# Natural Language Processing (NLP)

Examples below are adapted from ["How To Work with Language Data in Python 3 using the Natural Language Toolkit (NLTK)"](https://www.digitalocean.com/community/tutorials/how-to-work-with-language-data-in-python-3-using-the-natural-language-toolkit-nltk)

In [1]:
#pip install nltk

In [2]:
#from gensim import corpora, models

In [3]:
import nltk
print(nltk.__version__) 
# You should have version 3.2.1 installed
# since we'll use NLTK's Twitter package that requires this version

3.4.1


In [4]:
#nltk.download()

## Load the data



In [5]:
nltk.download('twitter_samples')

[nltk_data] Downloading package twitter_samples to
[nltk_data]     /home/jovyan/nltk_data...
[nltk_data]   Package twitter_samples is already up-to-date!


True

In [6]:
from nltk.corpus import twitter_samples

In [7]:
twitter_samples # has a specific type: TwitterCorpusReader

<TwitterCorpusReader in '/home/jovyan/nltk_data/corpora/twitter_samples'>

NLTK's twitter corpus currently contains a sample of 20,000 tweets retrieved from the Twitter Streaming API. Full tweets are stored as line-separated JSON. We can see how many JSON files exist in the corpus using the `twitter_samples.fileids()` method:

In [8]:
twitter_samples.fileids()

['negative_tweets.json', 'positive_tweets.json', 'tweets.20150430-223406.json']

Using those file IDs we can then return the tweet strings. 
Let's look at just the first few:

In [9]:
twitter_samples.strings('tweets.20150430-223406.json')[0:3]

['RT @KirkKus: Indirect cost of the UK being in the EU is estimated to be costing Britain £170 billion per year! #BetterOffOut #UKIP',
 'VIDEO: Sturgeon on post-election deals http://t.co/BTJwrpbmOY',
 'RT @LabourEoin: The economy was growing 3 times faster on the day David Cameron became Prime Minister than it is today.. #BBCqt http://t.co…']

We now know our corpus was downloaded successefully, so we can start processing the tweets.

Let's count how many adjectives and nouns appear in the positive subset of the `twitter_samples` corpus:

* A **noun**, in its most basic definition, is usually defined as a person, place, or thing (e.g., a movie, a book, and a burger).
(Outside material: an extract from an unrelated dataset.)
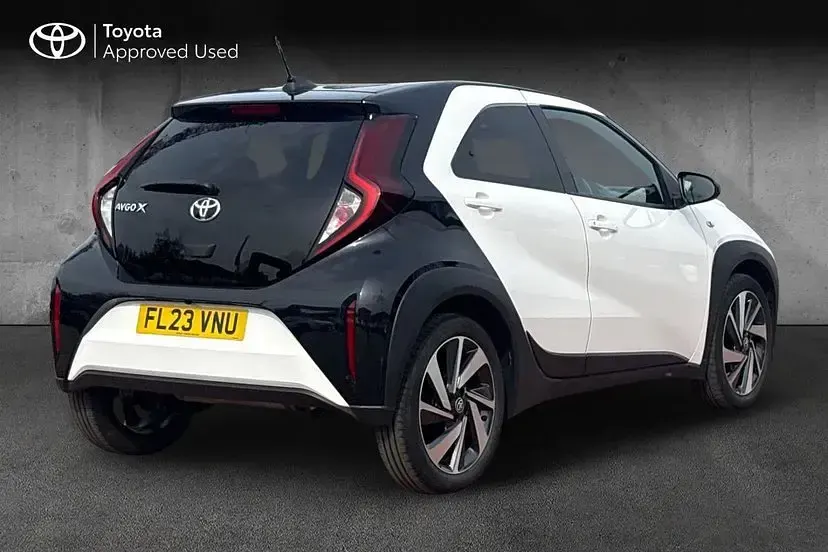 Used Toyota Aygo X 72 HP (52 kW) 2023 Pure white with black SUV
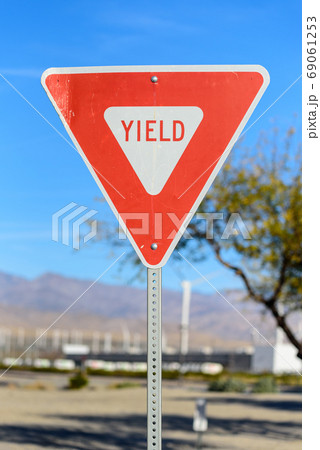 アメリカの道路標識 【YIELD】【ゆずれ】の写真素材 [69061253] - PIXTA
Counting nouns can help determine how many different _topics_ are being discussed.
* An **adjective** is a word that modifies a noun (or pronoun), for example: a _horrible_ movie, a _funny_ book, or a _delicious_ burger. Counting adjectives can determine what type of language is being used, i.e. opinions tend to include more adjectives than facts.

We could later count positive adjectives (great, awesome, happy, etc.) versus negative adjectives (boring, lame, sad, etc.), which could be used to analyze the sentiment of tweets or reviews about a product or movie, for example. This script provides data that can in turn inform decisions related to that product or movie.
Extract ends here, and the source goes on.